Something was lost along the way. The Greatest Generation believed in something larger than the next paycheck.
Family. Faith. Community. Country. Roughly in that order.
Somewhere between the Boomers and Gen X taking the wheel, the order got scrambled. We didn't lose those values altogether or all at once. We let them go gradually, the way you let go of anything you stop practicing.
What's left, is a country full of people, that are all too often, looking out for themselves first and calling it "ambition" when really it's just self-serving and selfishness.
The timing is rough. We're standing at the dawn of AI — a force that could lift everyone or further enrich the people who already own everything — right as our instinct for the common good are ebbing low. I'd like to believe we still have the muscle memory to choose the first option. I'm not certain. But hope, as the founders proved, doesn't require certainty. It just requires going for it.

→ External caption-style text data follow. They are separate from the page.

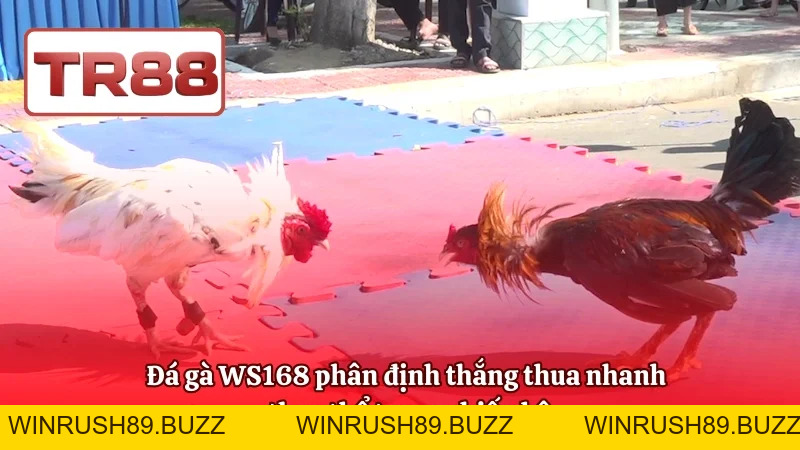 Đá Gà WS168 – Phân Tích Kèo Và Chiến Lược Đặt Cược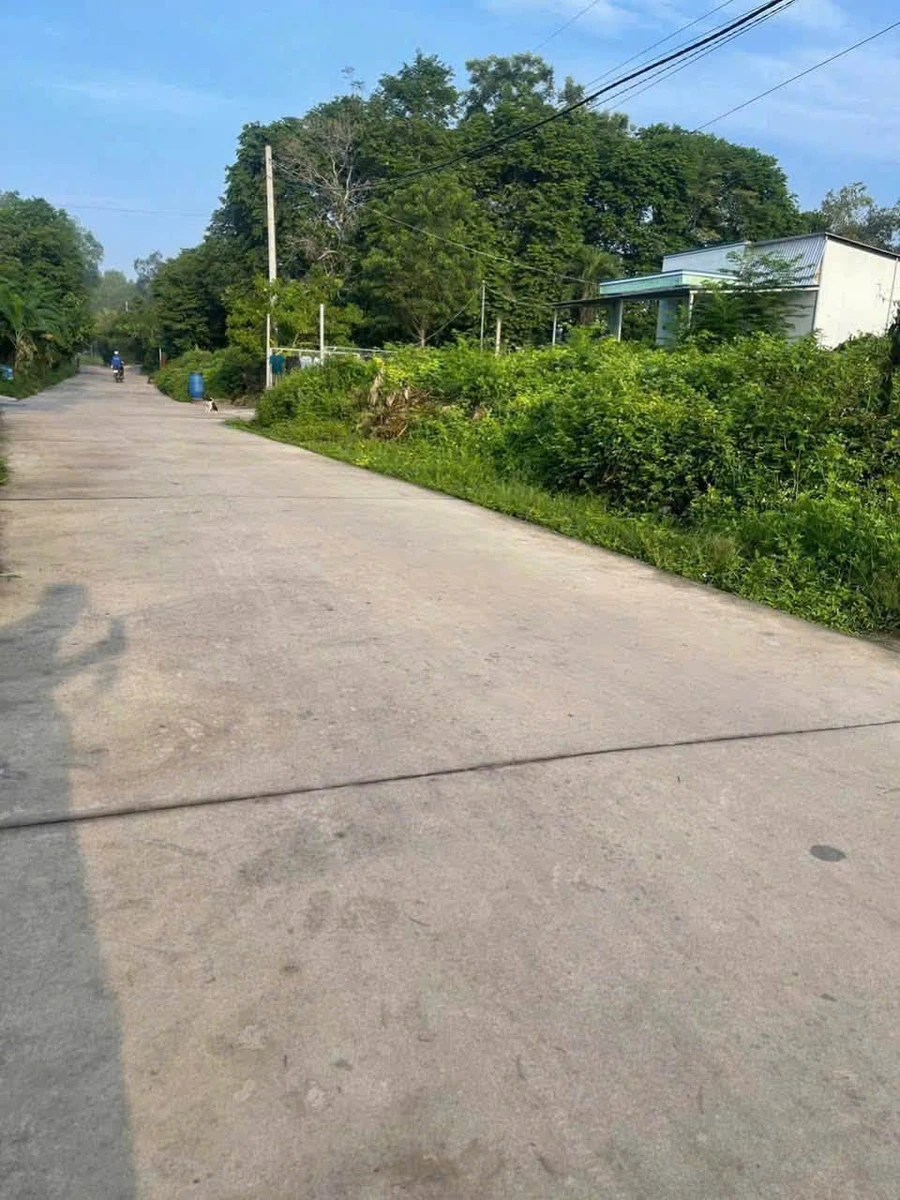 Bán nhà Tân Hiệp 339m², 2 phòng ngủ - Ảnh thu nhỏ 3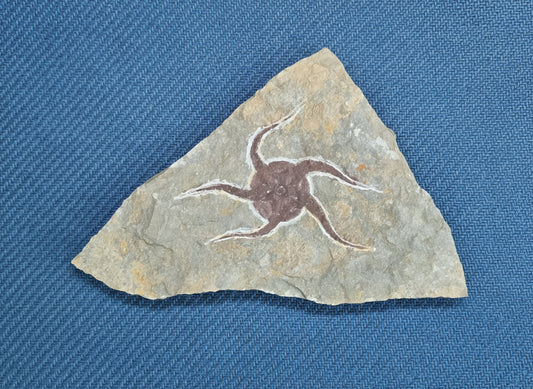 Starfish Fossil, Morocco, 22.5x14.5cm, 662gr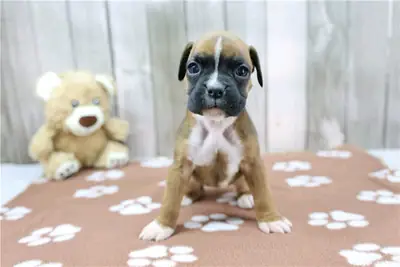 Erkek ve dişi Boxer yavruları hediye olarak veriliyor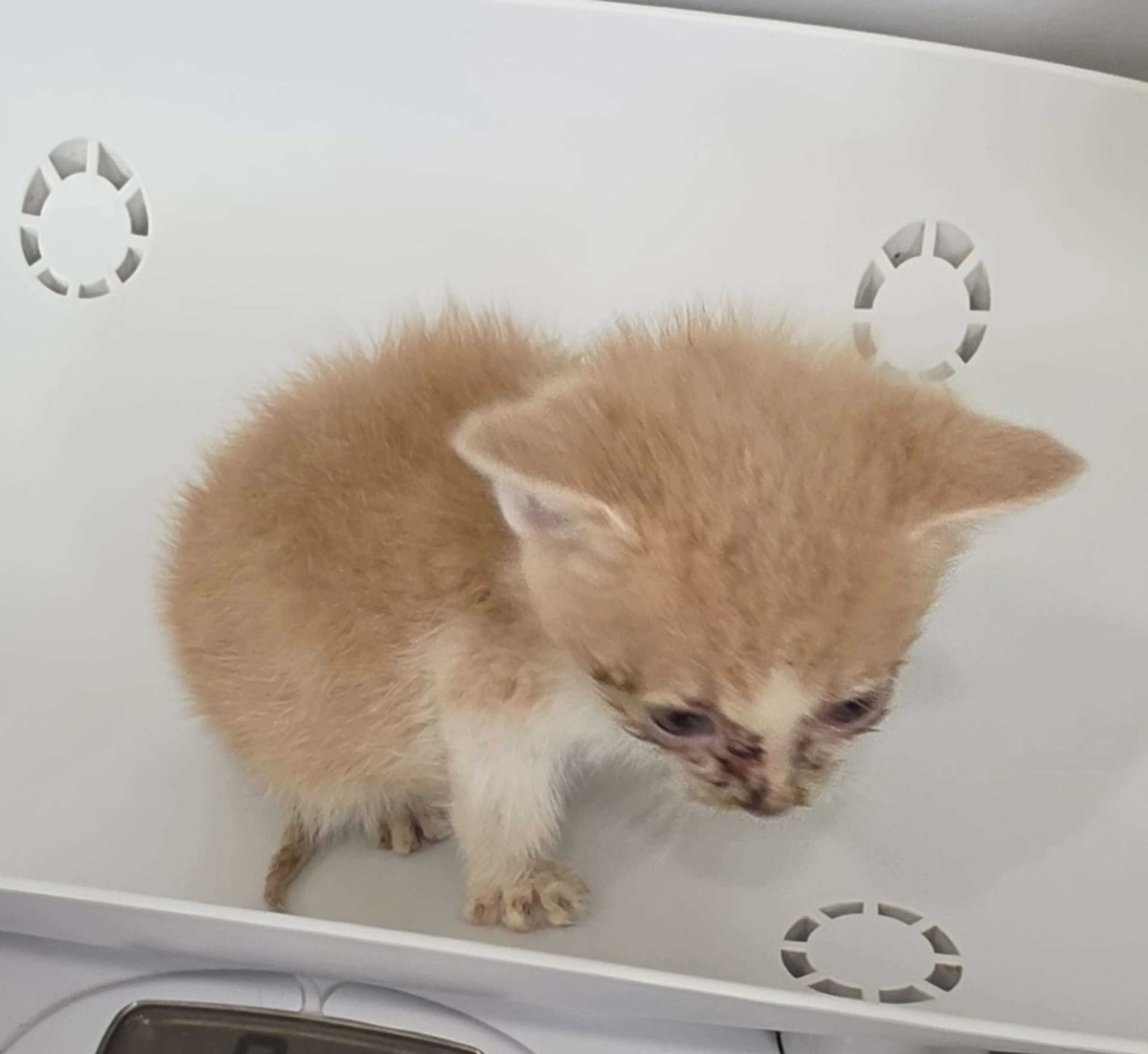Found pet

The Generations We're Standing On
What I keep coming back to is that there have been so many great American generations before this one. The revolutionaries who started it. The builders who turned a scrappy republic into a world power. The waves of immigrants who crossed oceans on the strength of a rumor.

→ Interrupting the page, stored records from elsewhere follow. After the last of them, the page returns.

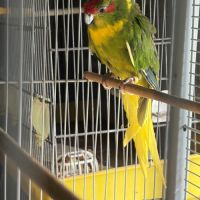 Kakariki mâle #1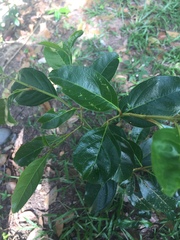 Magnoliopsida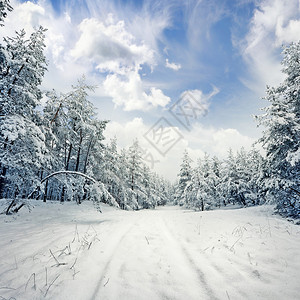 冬季现场树木上带橡树霜图片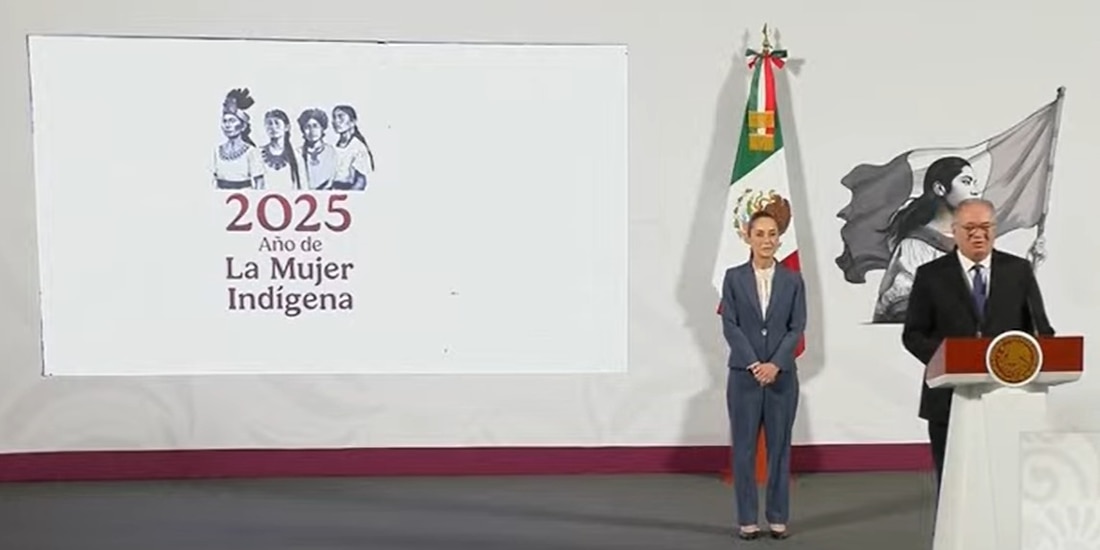 Pablo Moreno Cadena, director general de Asuntos Corporativos de Mabe, hizo el anuncio en la Mañanera del Pueblo.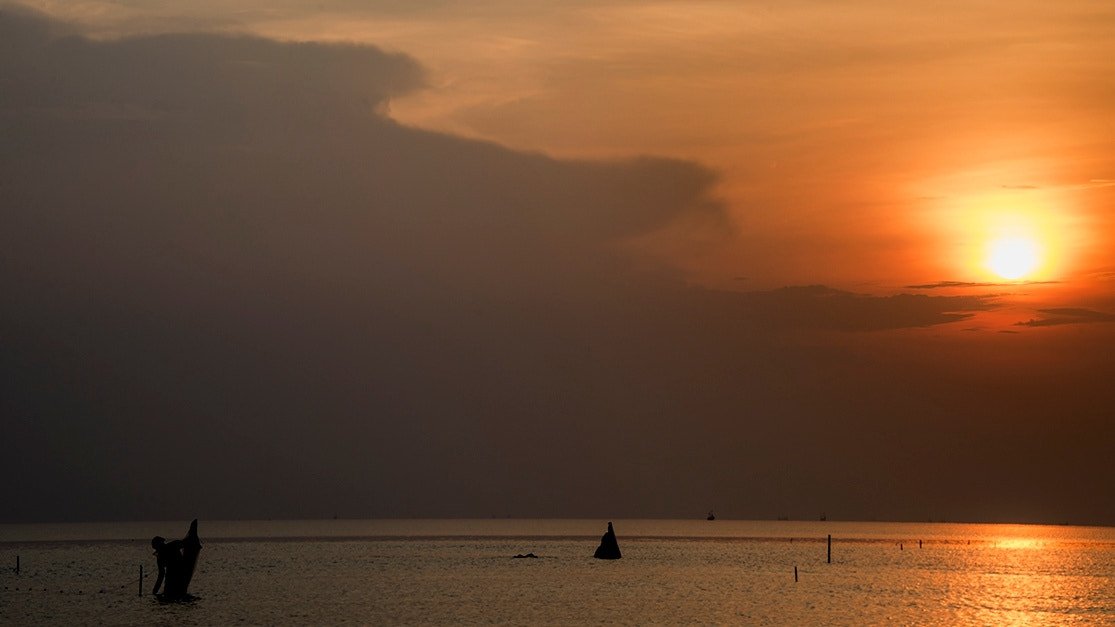 Sigma 18-250mm F3.5-6.3 DC OS HSM sample photo. Work is hard?? photography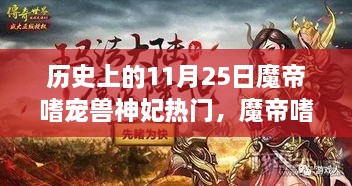 魔帝嗜寵獸神妃，深度測評與介紹——歷史上的11月25日熱門話題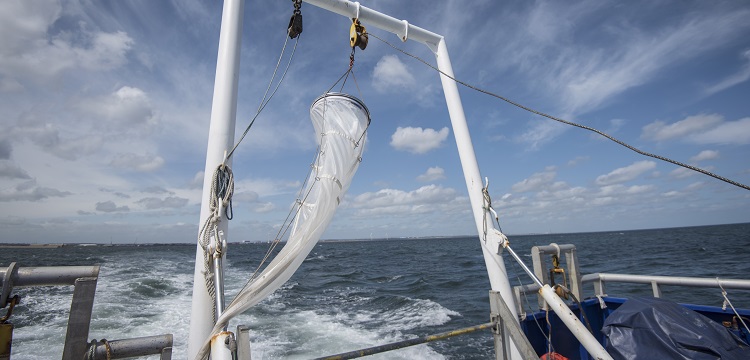 食品接觸材料檢測項目大匯總！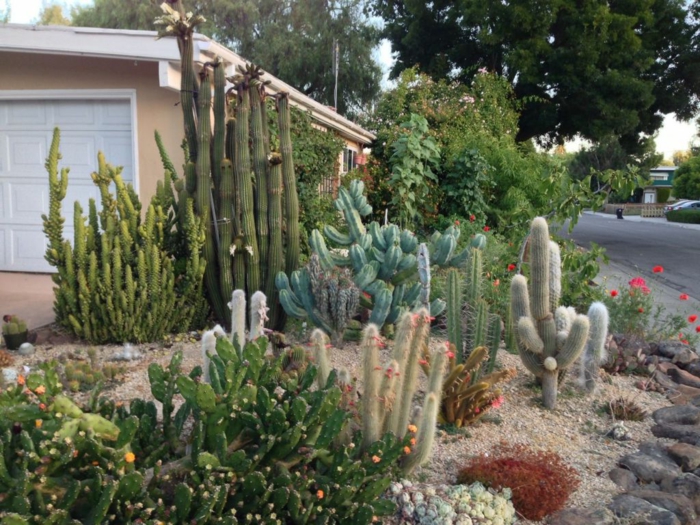 cactus raquette devant la maison, cactus géant, plante grasse fleurie, chemin, cailloux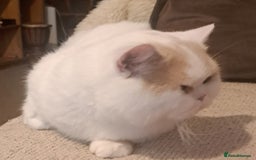 British Shorthair cats for sale: British Shorthair Male Cream and White  - Image 8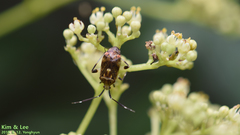 Eurystylus coelestialium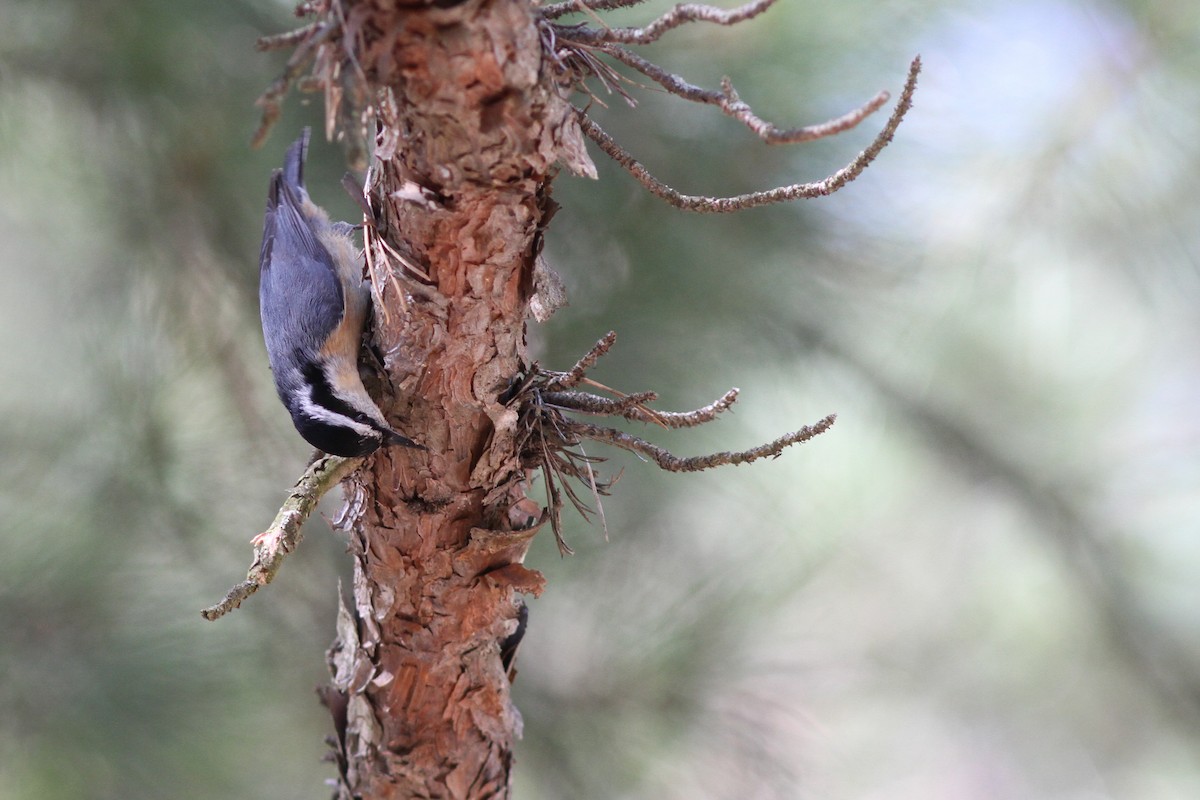Red-breasted Nuthatch - Nathan Goldberg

That here, at least, you got a shot.
Manifest Destiny and the American Dream weren't always pretty, and they weren't always honest, but they were fuel. Nobody promised you'd get rich or that you'd get free. They promised that you could try.
That's not nothing. Plenty of nations never offered their people permission to dream at all.

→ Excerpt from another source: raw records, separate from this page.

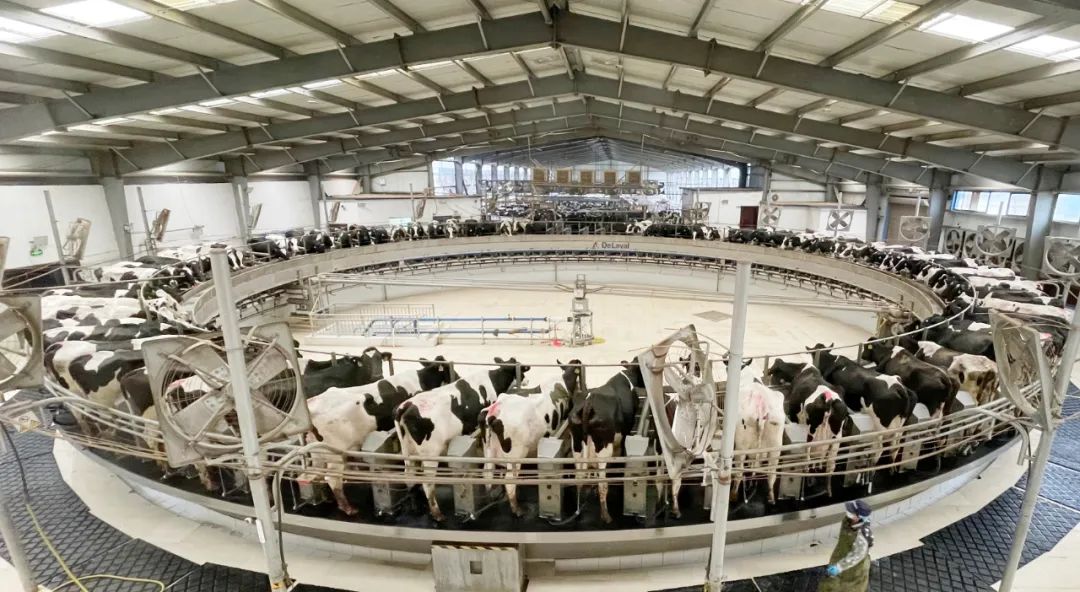 凝心聚力·贏創(chuàng)未來 | 花花牛乳業(yè)集團召開營銷、養(yǎng)殖及飼料經營工作會議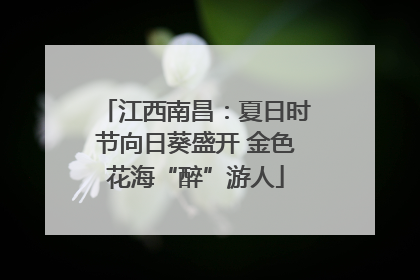 江西南昌：夏日时节向日葵盛开 金色花海“醉”游人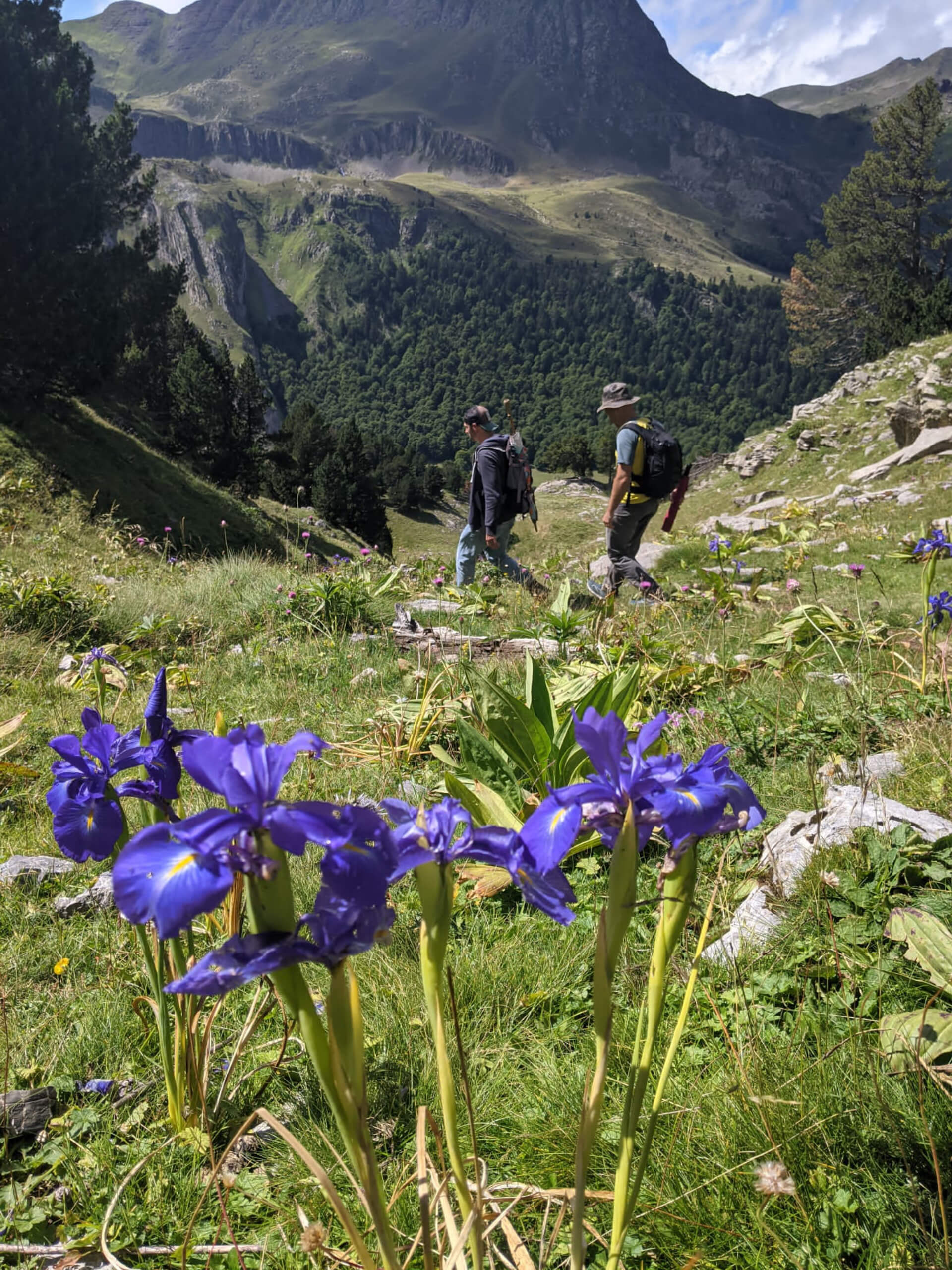 Hiking & Spa in the Pyrenees-2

Since the 1950s, America's spent down much of that goodwill. Trading "bastion of hope" for "world police," and after the Soviet Union fell, trying to stay the only power broker left standing.
China didn't ask permission to become the second, and lately our moves have gotten sharper: a strike on Venezuela's leadership, bombs alongside Israel in Iran, alliances that used to be unspoken now openly questioned.
I won't pretend to know if these are the right calls. They're uncomfortable, certainly. Maybe that discomfort is the price of repositioning for whoever inherits this country next.
Time and history will tell ...
Still Ours
What I do know is this: growing up American was a kind of grace I didn't earn and didn't fully appreciate until I was old enough to look back on it.
Biking to school with friends. Teachers who actually tried to pull something better out of you. A shot at an education, a shot at a job, a shot at becoming whoever you decided to become. A history I could walk into, and feel, despite my own family arriving generations after the fact, like it was somehow mine too.
That's the inheritance. Imperfect men wrote it down a long time ago and dared the rest of us to live up to it. We haven't always managed. We're still trying. And trying, it turns out, is the whole point.
Two hundred fifty years in, the story hasn't changed ... a country arguing with itself about what it ought to be, and refusing, stubbornly, gloriously, to quit.
That argument is not our weakness. It is our engine. It is the sound a nation makes when it is still alive enough to disagree with itself.
Imperfect, yes. Still ours. Still becoming.
Much like the path ahead.
Unfinished, unguaranteed, and ready, as it has always been, for whoever is bold enough to keep walking it.